• [Provided records]:
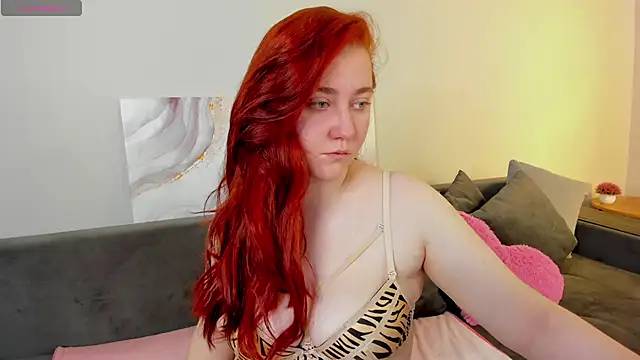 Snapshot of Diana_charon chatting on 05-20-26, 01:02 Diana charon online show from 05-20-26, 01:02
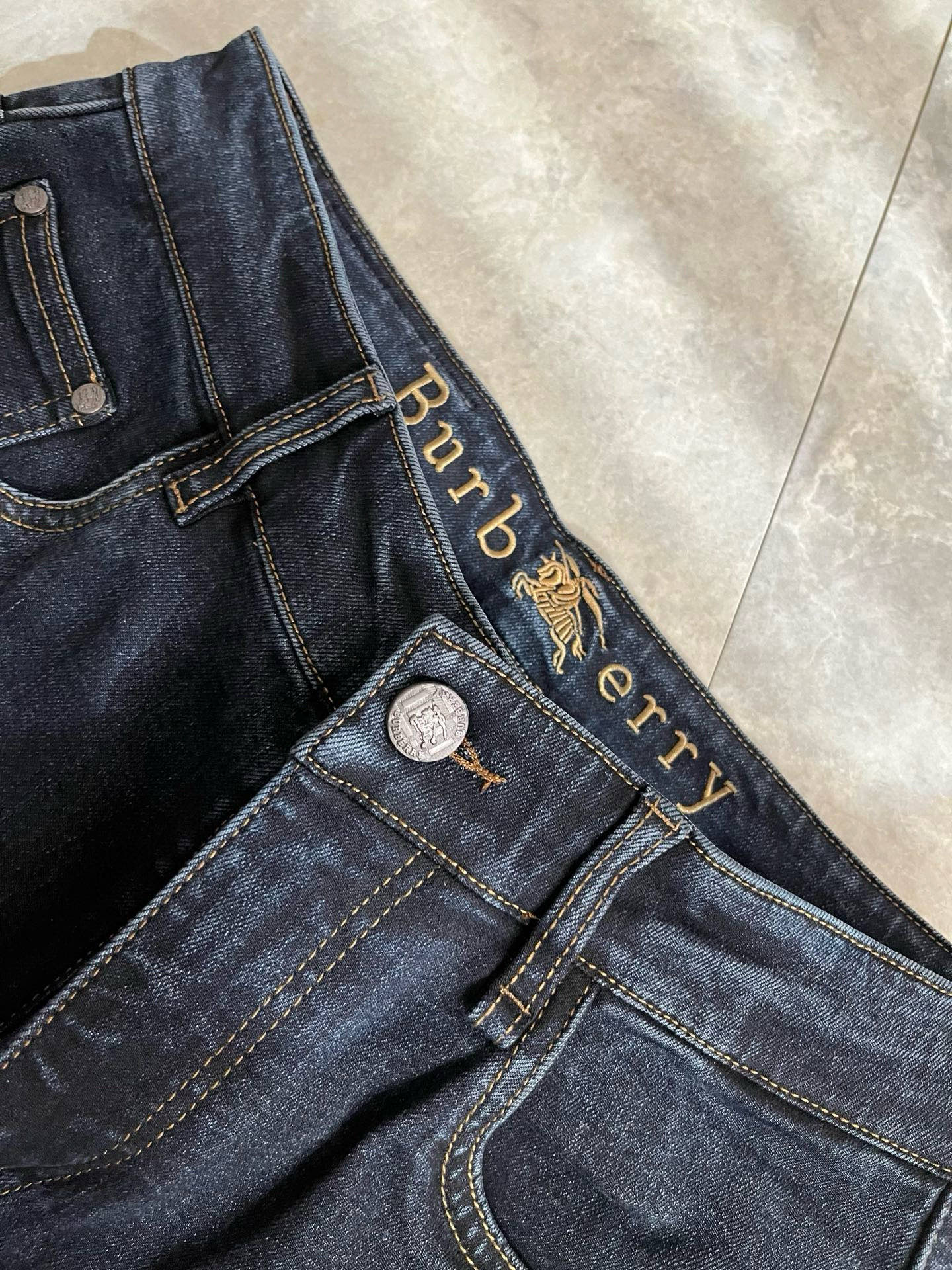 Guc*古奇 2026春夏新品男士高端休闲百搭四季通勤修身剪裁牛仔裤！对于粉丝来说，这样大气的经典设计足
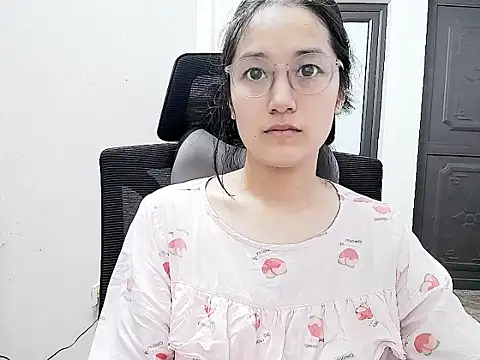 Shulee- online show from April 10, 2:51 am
* * *
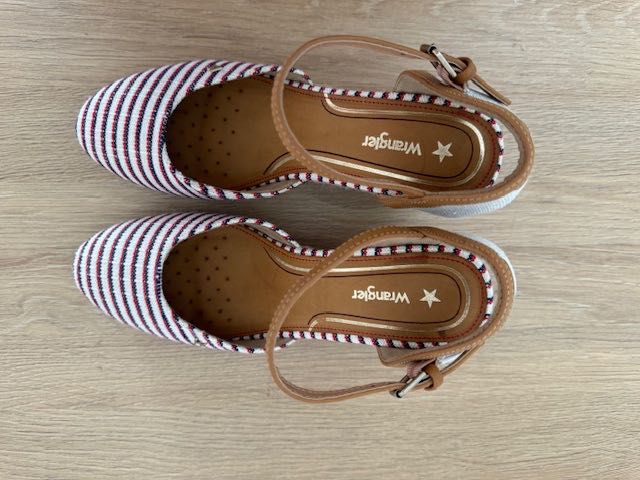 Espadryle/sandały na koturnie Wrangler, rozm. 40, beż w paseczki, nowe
* * *
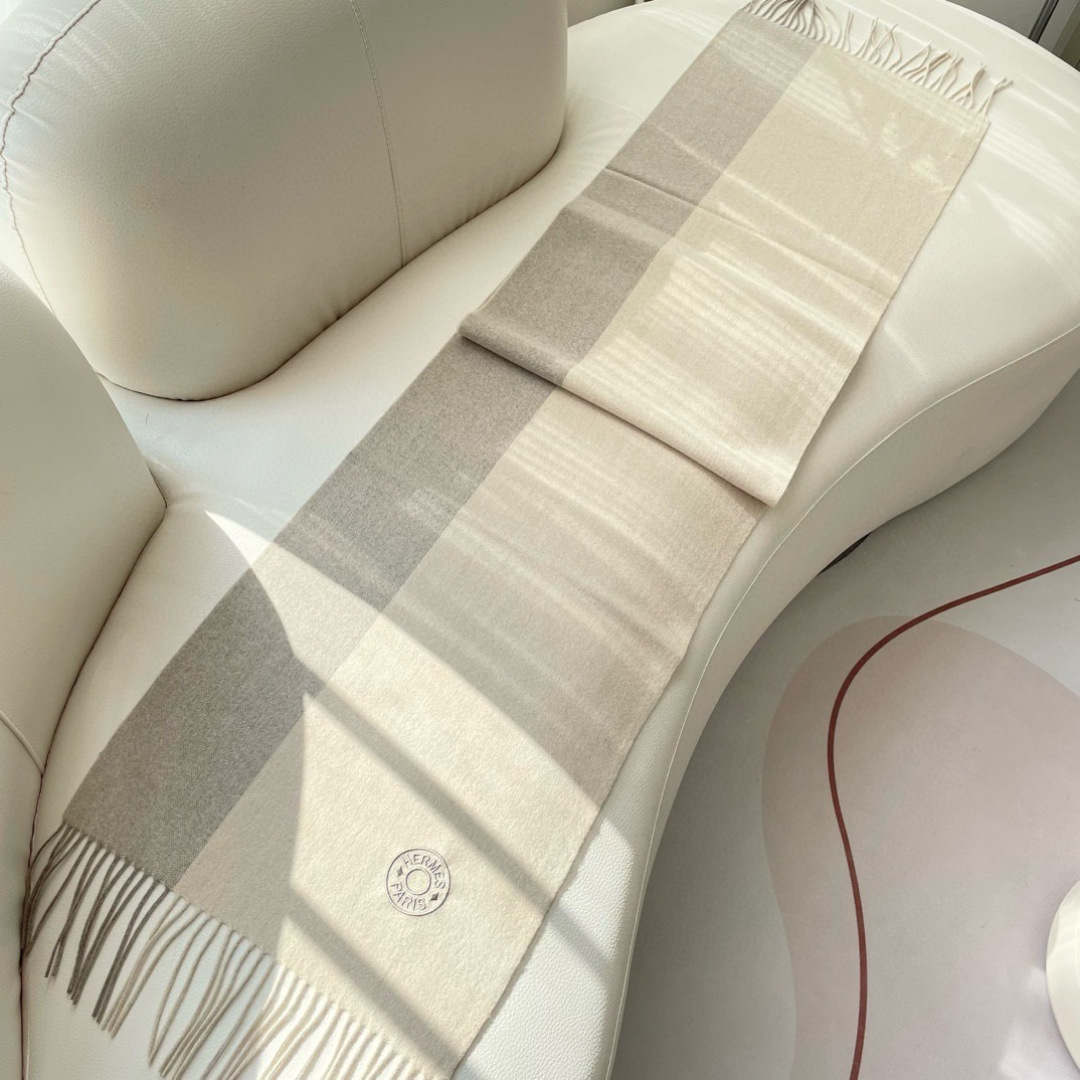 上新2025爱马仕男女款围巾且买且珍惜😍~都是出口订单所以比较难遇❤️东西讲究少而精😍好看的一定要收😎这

• [Assignment]:
Look above for the line containing "Guc*古奇 2026春夏新", then write out every line from there down to the line containing "Shulee- online show from April 10, 2:51 am", that line included, with no pictures.

• [Solution]:
 Guc*古奇 2026春夏新品男士高端休闲百搭四季通勤修身剪裁牛仔裤！对于粉丝来说，这样大气的经典设计足
 Shulee- online show from April 10, 2:51 am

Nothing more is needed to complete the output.